It is clear that the time average $$\frac{1}{n} \sum_{i=1}^n X_i$$ for $$n=200$$ is very much biased by the atypical starting point $$X_0 = -20$$. This may seem artificial, since we chose deliberately to start in an atypical point, but in most applications of MCMC the situation is as bad or worse: any starting point $$X_0$$ we are able construct by hand in a high-dimensional sample space is almost guaranteed to be very atypical, in the sense that there are observables $$f : \Gamma \to \mathbb{R}$$ such that $$f(X_0)$$ is many sigmas away from $$\mathbb{E}[f(X)]$$. What we are seeing is that the probability density $$f_{X_i}(x)$$ for $$i \leq 200$$, is not yet close to the desired distribution $$\pi(x)$$. The time $$\tau_{\mathrm{eq}}$$ it takes to approach $$\pi(x)$$ is called the equilibration time, which appears to be at least $$\tau_{\mathrm{eq}}\geq 200$$ in this case. Of course, the contribution of the first $$200$$ terms to the time average $$\frac{1}{n}\sum_{i=1}^n f(X_i)$$ will become negligible when $$n\to\infty$$, but can very much affect the estimate when $$n$$ is limited, because the atypical configurations $$X_i$$ may contribute excessive values $$f(X_i)$$ to the sum.

A common practice is therefore to discard the first $$b$$ configurations in the time average, where $$b$$ is chosen to ensure $$b\geq \tau_{\mathrm{eq}}$$ to the best of our knowledge. This means that we take

$\frac{1}{n-b}\sum_{i=b+1}^n f(X_i)$

as our best estimate of the $$\mathbb{E}[f(X)]$$. The first $$b$$ steps in a MCMC simulation, in which we discard the observable $$f(X_i)$$ (and sometimes not measure $$f(X_i)$$ at all), is often called the equilibration, thermalization, or burn-in phase of the simulation. In effect, what equilibration exploits is that, although the limit of the time average is independent of the distribution of $$X_0$$, the convergence will be faster if the distribution of $$X_0$$ is closer to $$\pi$$. This is achieved by taking the random state $$X_b$$ as a new effective starting point $$X_0$$ of the chain (which by the convergence theorem is close to $$\pi$$ for $$b$$ large). We will see a technique to gauge $$\tau_{\mathrm{eq}}$$ below in the case of the Ising model.

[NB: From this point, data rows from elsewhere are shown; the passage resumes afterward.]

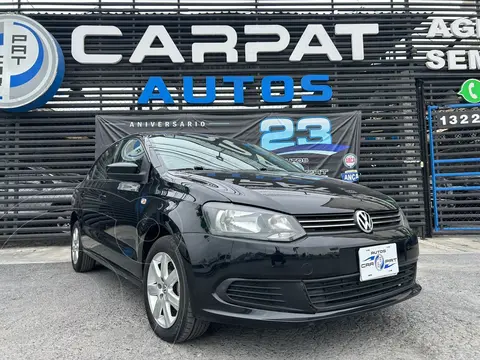 Volkswagen Vento Style Aut usado (2015) color Negro precio $149,000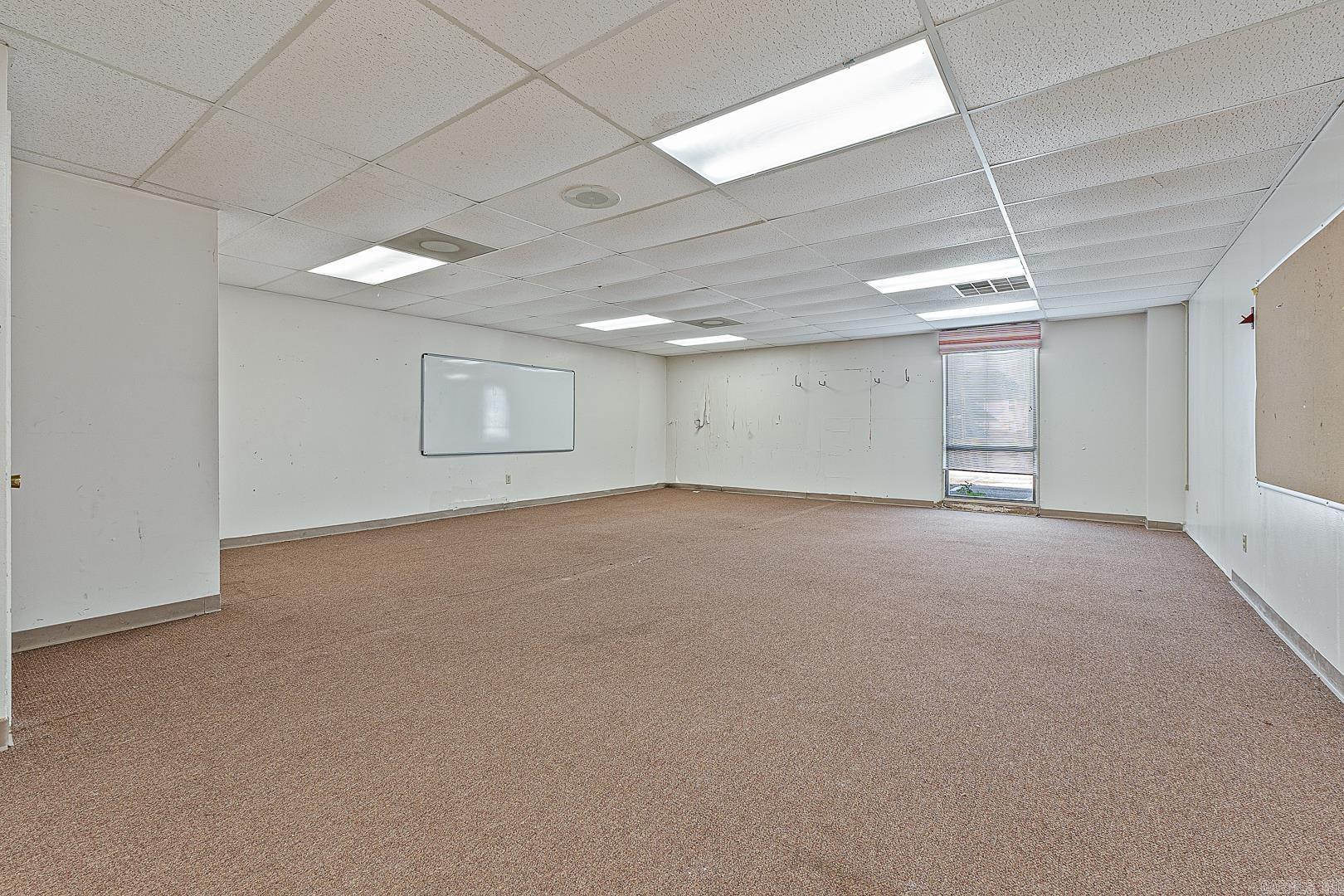 Not in Subdivision - Commercial Sale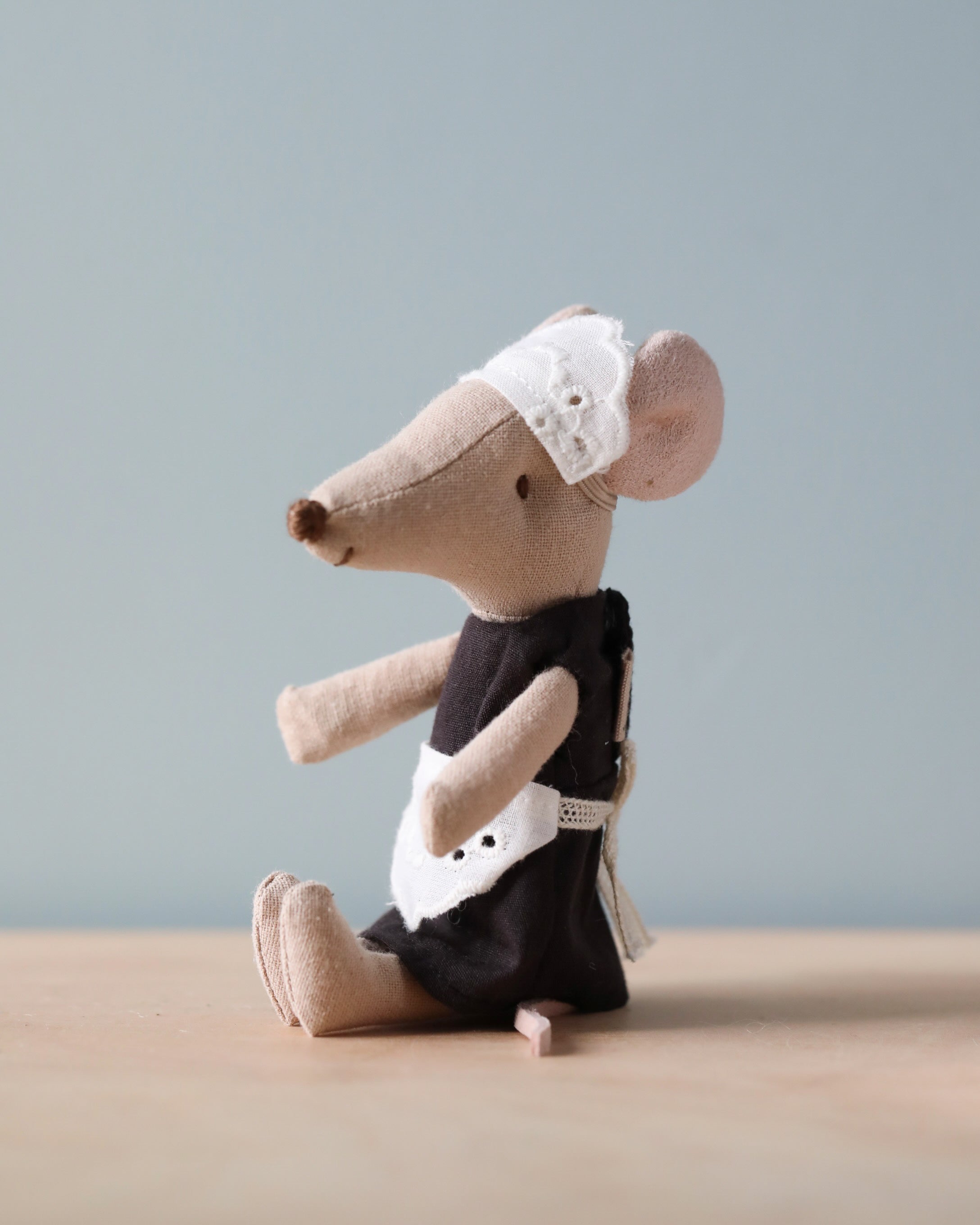 Maileg Maid Mouse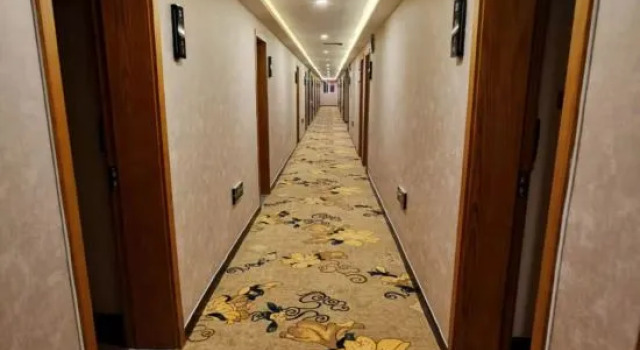Ximan Collection Hotel (Bazhou Pedestrian Street)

### 5.1.2. Autocorrelation#

Suppose we know for our example that at time $$i\geq b=200$$ the distribution of $$X_i$$ is already sufficiently close to $$\pi(x)$$. Why is our estimate based on the time average $$i=201,\ldots,800$$ still not great, even though we have a decent 600 data points? The reason should be intuitively clear: the states $$X_i$$ are far from independent, meaning that each new state only gives us a tiny bit of extra information on the distribution $$\pi$$. There is dependence in a trivial sense because our Markov chain is setup such that $$|X_{i+1} - X_i| < \delta$$, so the chain cannot wander far in a few steps. More serious is that the distribution $$\pi$$ has two peaks, in the vicinity of which the Markov chain likes to stay, separated by a barrier where $$\pi(x)$$ is very small. This means that it takes a sequence of probabilistically unlikely steps for the chain to transition between the two regions, so it happens only rarely. The dependence in this example therefore persists over a large number of steps, e.g. you can imagine from looking at the plot that when $$X_i$$ is in the vicinity of the first peak the probability that $$X_{i+200}$$ is also in this vicinity is larger than if $$X_i$$ was in the vicinity of the second peak, i.e. $$\mathbb{P}(X_{i+200} \in (3,5) | X_{i} = 4)$$ is significantly larger than $$\mathbb{P}(X_{i+200} \in (3,5) | X_{i} = 0)$$. For a good approximation of the desired distribution $$\pi$$ we need many transitions between the two regions to have occurred, showing the necessity of performing many steps in the Markov chain (the last plot shows $$\pm 20$$ transitions in the first 15000 steps).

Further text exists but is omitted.